Smartphones are gaining in popularity with this population group and software applications ("apps") used on these mobile devices

are a novel technology that can be used to deliver brief health behavior change interventions directly to individuals en masse,

with potentially favorable cost-utility. However, existing apps for modifying nutrition or physical activity behaviors may not

always reflect best practice guidelines for weight management.

Objective: This paper describes the process of developing four apps aimed at modifying key lifestyle behaviors associated with

weight gain during young adulthood, including physical activity, and consumption of take-out foods (fast food), fruit and vegetables,

and sugar-sweetened drinks.

Methods: The development process involved: (1) deciding on the behavior change strategies, relevant guidelines, graphic

design, and potential data collection; (2) selecting the platform (Web-based versus native); (3) creating the design, which required

decisions about the user interface, architecture of the relational database, and programming code; and (4) testing the prototype

versions with the target audience (young adults aged 18 to 35).
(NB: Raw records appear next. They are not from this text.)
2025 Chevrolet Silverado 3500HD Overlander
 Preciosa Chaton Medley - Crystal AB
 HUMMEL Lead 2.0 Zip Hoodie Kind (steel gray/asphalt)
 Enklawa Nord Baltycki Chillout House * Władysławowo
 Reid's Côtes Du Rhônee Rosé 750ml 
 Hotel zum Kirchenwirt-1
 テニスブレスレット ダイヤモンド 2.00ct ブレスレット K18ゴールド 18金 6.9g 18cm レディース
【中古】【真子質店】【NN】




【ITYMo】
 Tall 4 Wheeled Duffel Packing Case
Results: The four apps took 18 months to develop, involving the fields of marketing, nutrition and dietetics, physical activity,

and information technology. Ten subjects provided qualitative feedback about using the apps. The slow running speed of the apps

(due to a reliance on an active Internet connection) was the primary issue identified by this group, as well as the requirement to

log in to the apps.

Conclusions: Smartphone apps may be an innovative medium for delivering individual health behavior change intervention en

masse, but researchers must give consideration to the target population, available technologies, existing commercial apps, and

the possibility that their use will be irregular and short-lived.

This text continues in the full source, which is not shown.